Your goal - Reproduce each line of the following material exactly, omitting the images.

(Dataset section)

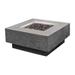 Elementi Manhattan 36" Concrete Outdoor 45,000 BTU Natural Gas Fire Pit Table - 142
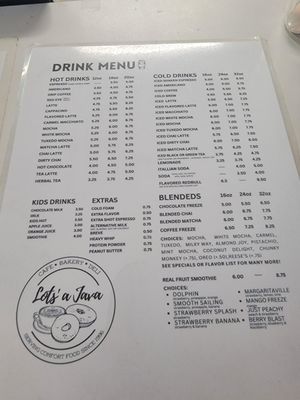 Menu photo 4 Lots A Java Oroville, CA Menu photo 4 Lots A Java Oroville, CA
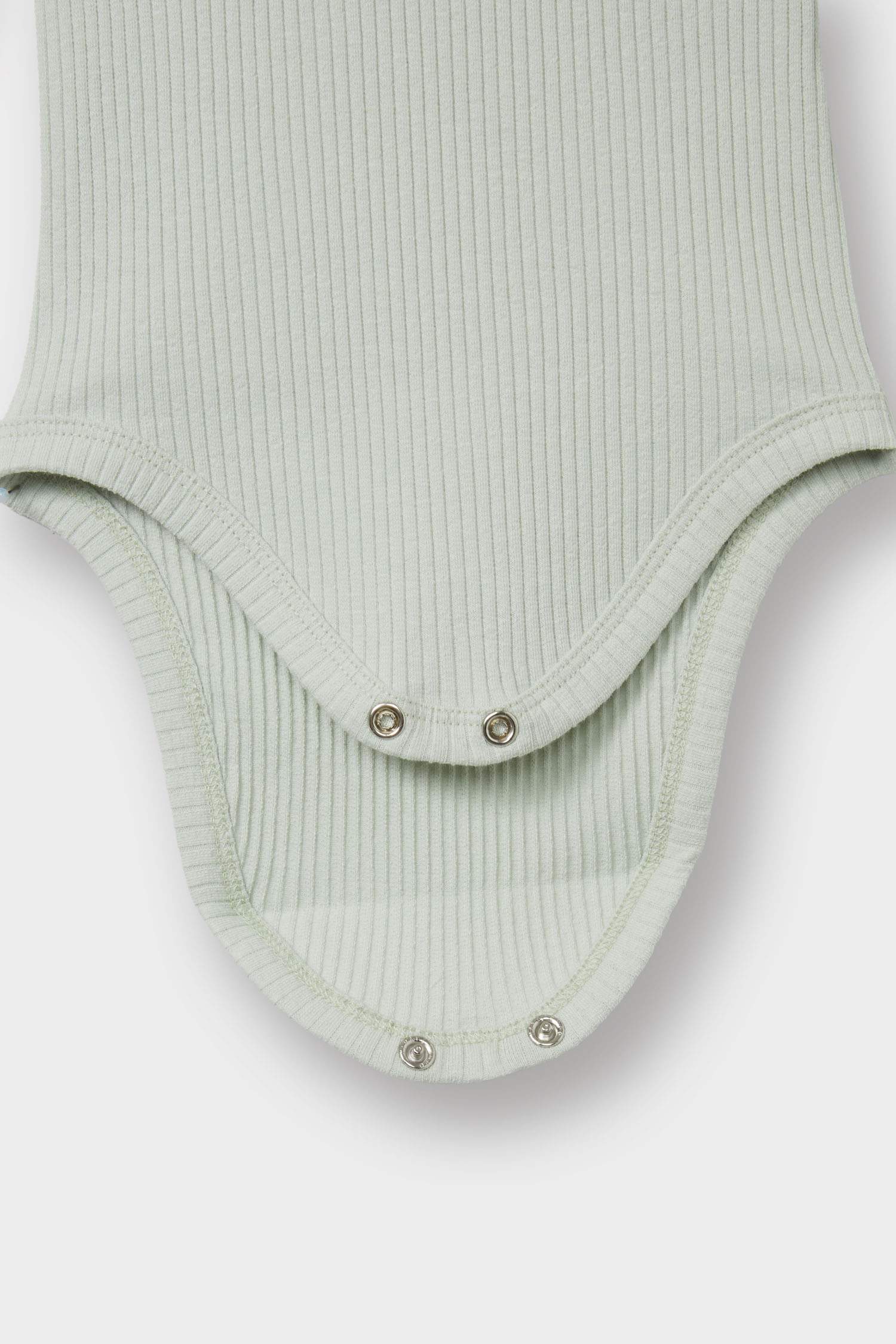 Erkek Bebek Yenidoğan Fitilli Kaşkorse 2'li Uzun Kollu Çıtçıtlı Body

(End Dataset section)

Final answer -
 Elementi Manhattan 36" Concrete Outdoor 45,000 BTU Natural Gas Fire Pit Table - 142
 Menu photo 4 Lots A Java Oroville, CA Menu photo 4 Lots A Java Oroville, CA
 Erkek Bebek Yenidoğan Fitilli Kaşkorse 2'li Uzun Kollu Çıtçıtlı Body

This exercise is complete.